▸ **The data**:
....

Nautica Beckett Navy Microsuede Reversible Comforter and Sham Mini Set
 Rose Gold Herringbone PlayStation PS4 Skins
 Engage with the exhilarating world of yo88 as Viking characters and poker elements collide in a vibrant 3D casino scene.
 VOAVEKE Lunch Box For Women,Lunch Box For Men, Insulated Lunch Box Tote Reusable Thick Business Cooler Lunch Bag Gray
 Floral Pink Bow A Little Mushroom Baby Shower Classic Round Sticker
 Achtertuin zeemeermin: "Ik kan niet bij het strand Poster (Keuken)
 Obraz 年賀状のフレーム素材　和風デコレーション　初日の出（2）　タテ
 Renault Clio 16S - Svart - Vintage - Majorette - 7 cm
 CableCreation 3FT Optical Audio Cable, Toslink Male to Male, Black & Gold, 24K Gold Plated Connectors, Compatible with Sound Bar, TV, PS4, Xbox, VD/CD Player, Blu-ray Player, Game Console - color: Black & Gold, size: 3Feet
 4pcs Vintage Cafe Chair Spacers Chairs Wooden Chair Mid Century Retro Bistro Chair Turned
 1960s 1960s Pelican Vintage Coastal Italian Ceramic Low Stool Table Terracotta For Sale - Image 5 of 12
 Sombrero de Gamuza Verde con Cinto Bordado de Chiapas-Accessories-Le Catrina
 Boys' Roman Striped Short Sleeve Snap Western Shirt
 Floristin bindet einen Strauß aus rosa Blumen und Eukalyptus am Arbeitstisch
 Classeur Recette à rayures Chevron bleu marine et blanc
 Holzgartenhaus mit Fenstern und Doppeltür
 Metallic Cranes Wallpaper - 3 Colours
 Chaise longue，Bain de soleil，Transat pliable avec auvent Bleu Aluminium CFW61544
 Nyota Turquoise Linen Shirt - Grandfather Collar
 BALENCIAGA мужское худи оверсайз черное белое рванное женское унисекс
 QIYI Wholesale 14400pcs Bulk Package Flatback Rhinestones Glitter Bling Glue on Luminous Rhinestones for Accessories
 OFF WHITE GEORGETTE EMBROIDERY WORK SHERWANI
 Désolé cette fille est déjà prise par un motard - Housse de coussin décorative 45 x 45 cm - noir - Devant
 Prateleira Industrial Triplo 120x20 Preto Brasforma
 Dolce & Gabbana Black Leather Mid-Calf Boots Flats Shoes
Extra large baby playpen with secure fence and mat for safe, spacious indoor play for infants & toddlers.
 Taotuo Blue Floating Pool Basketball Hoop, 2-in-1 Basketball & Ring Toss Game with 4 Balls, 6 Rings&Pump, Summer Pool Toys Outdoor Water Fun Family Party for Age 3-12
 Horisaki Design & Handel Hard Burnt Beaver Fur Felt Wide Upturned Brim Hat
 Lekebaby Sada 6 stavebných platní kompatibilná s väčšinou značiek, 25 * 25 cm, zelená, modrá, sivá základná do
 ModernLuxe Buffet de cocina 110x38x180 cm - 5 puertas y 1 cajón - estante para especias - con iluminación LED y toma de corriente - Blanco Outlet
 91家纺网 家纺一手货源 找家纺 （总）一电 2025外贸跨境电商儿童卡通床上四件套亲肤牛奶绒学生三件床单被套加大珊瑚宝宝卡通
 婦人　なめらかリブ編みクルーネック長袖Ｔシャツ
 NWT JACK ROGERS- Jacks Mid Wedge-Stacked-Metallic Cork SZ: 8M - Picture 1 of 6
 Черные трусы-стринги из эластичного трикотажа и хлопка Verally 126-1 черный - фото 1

....

▸ **What this task involves**:
With the line holding "Dolce & Gabbana" as the first and the line holding "Extra large baby" as the last, set down that range of the entries above exactly, and nothing else.

▸ **Task answer**:
 Dolce & Gabbana Black Leather Mid-Calf Boots Flats Shoes
Extra large baby playpen with secure fence and mat for safe, spacious indoor play for infants & toddlers.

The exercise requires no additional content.